The purpose of this project is to analyze bias towards favorable reviews from Amazon Vine members. The chosen dataset for this project contains watch review information. PySpark is used as park of the ETL process to extract, transform the data, and connect to an AWS RDS instance. The transformed review data is then loaded into pgAdmin. Jupyter Notebook and Pandas dataframes are then used to filter the data further, and analyze bias.
These results can also be found in the following image of the Vine_Reviews_Analysis.ipynb file.
- The total number of reviews with over 20 votes and over 50 percent positive votes is 8409.
- The total number of vine reviews with over 20 votes and over 50 percent positive votes is 47.
- The total number of non-vine reviews with over 20 votes and over 50 percent positive votes is 8362.
- The percentage of vine reviews with 5 stars is 32%.
- The percentage of non-vine reviews with 5 stars is 52%.

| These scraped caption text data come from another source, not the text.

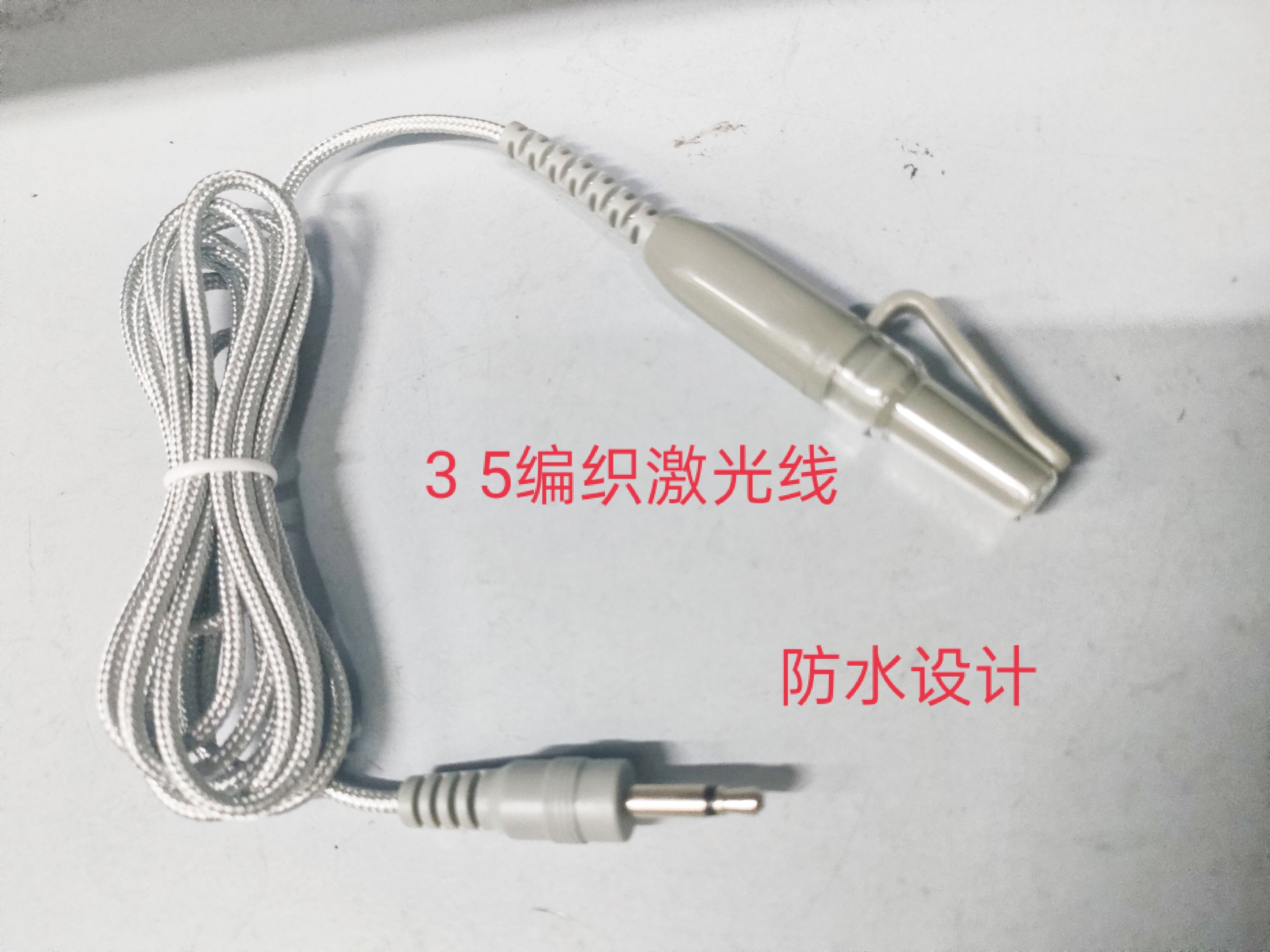 防水款灰色编织激光线鼻腔激光理疗线3.5鼻头650nm低中频光波仪器
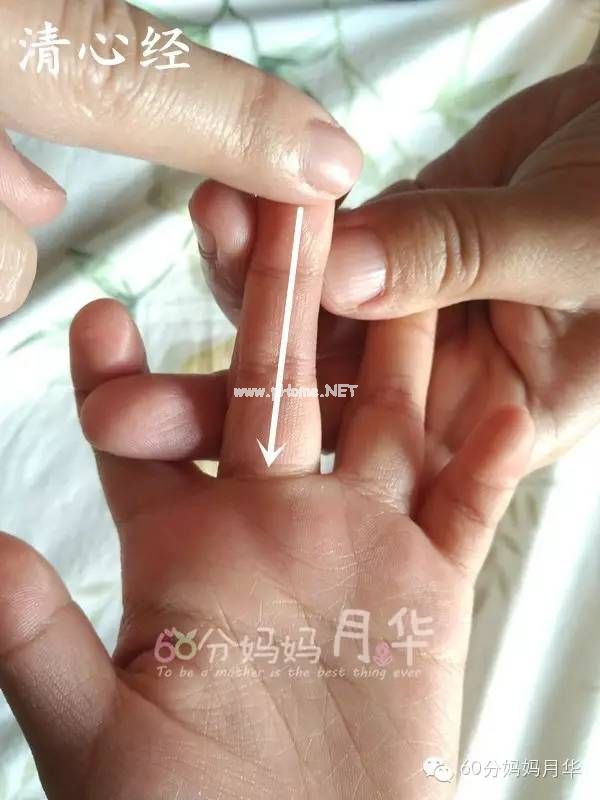宝宝得了疱疹性咽峡炎不要慌，小儿推拿能治愈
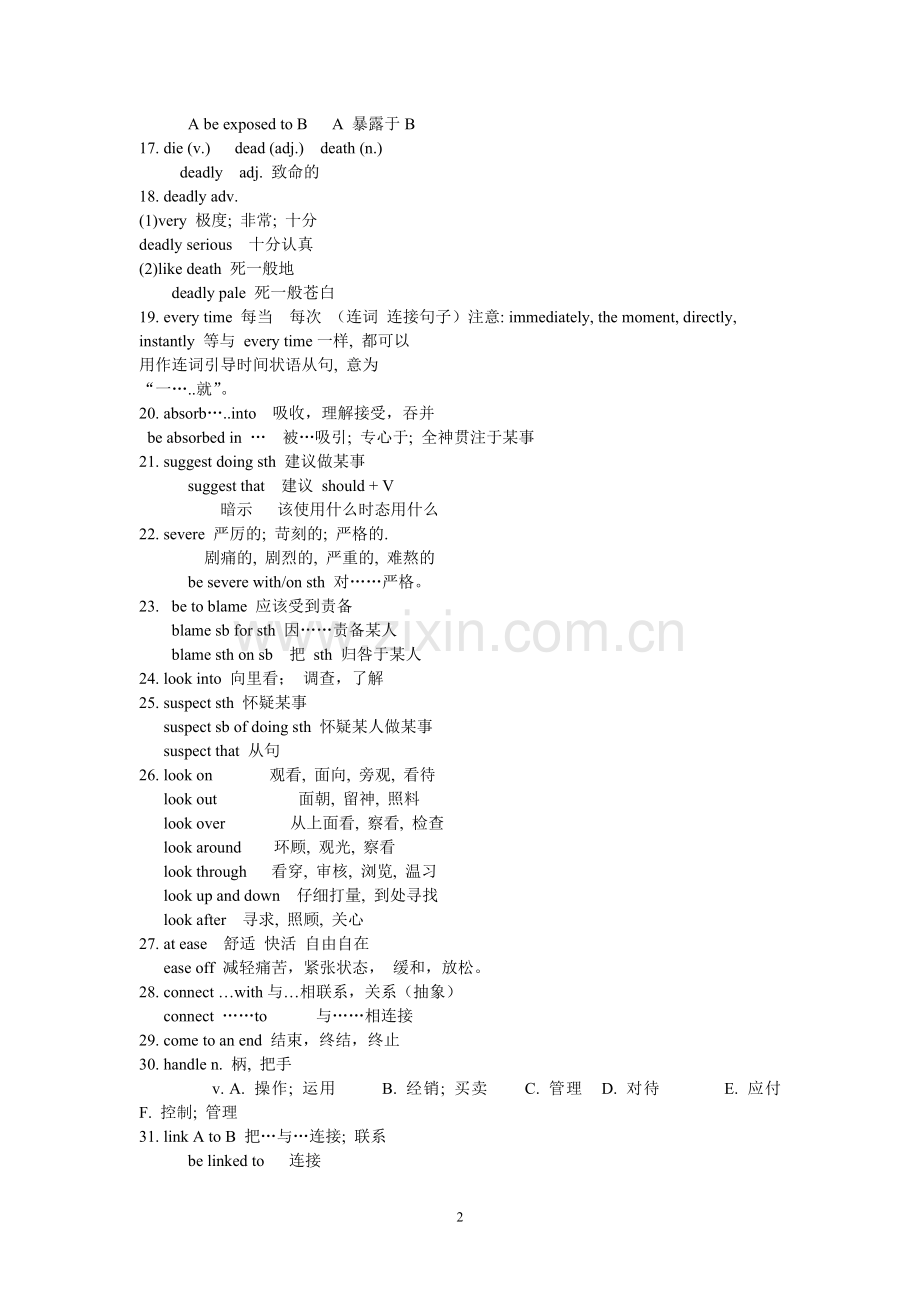 高中英语必修五知识点总结.doc_第2页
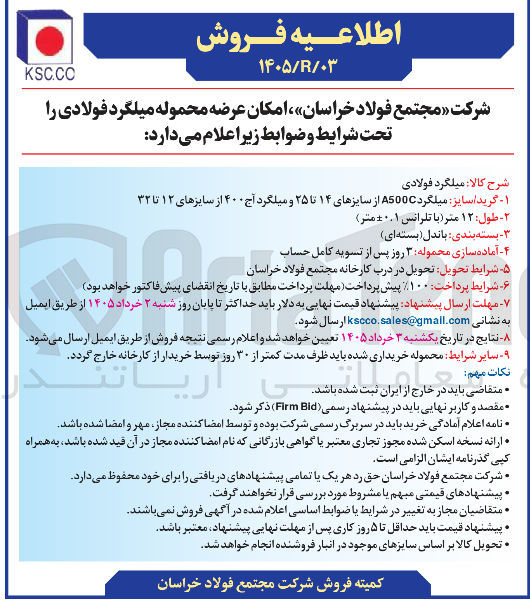 تصویر کوچک آگهی خرید میلگرد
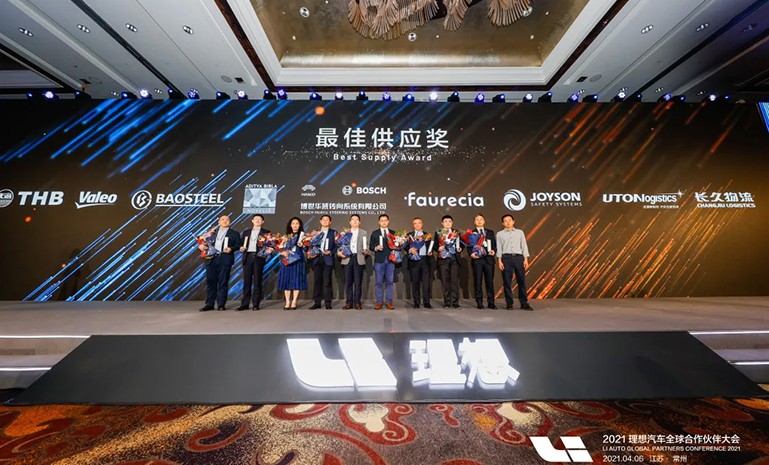1671672033136638D1FC.jpg 梦想汽车 供给商奖 官网使用.jpg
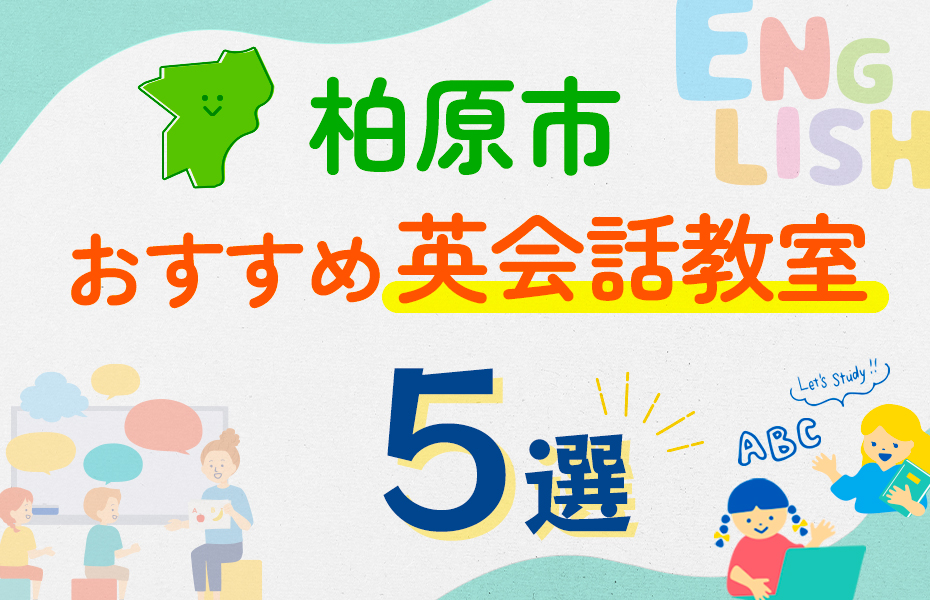 【子ども向け】柏原市の英会話教室おすすめ5選！口コミや体験談も紹介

In conclusion, there doesn't seem to be any positivity bias for reviews in the Vine program when looking at this watch review dataset. The percentage of vine reviews with 5 stars is 32%, while the percentage of non-vine reviews with 5 stars is 52%. Unfortunately, the number of non-vine reviews with over 20 votes and over a 50 percent positive votes rate is much larger than the number of similar vine reviews (8362 vs. 47), which leaves some uncertainty in this analysis. Future analysis could include less strict restrictions on the number of votes or positive vote percentage so that more Vine reviews could be compared. Additionally, further analysis could compare the distribution of review scores for vine and non-vine reviews.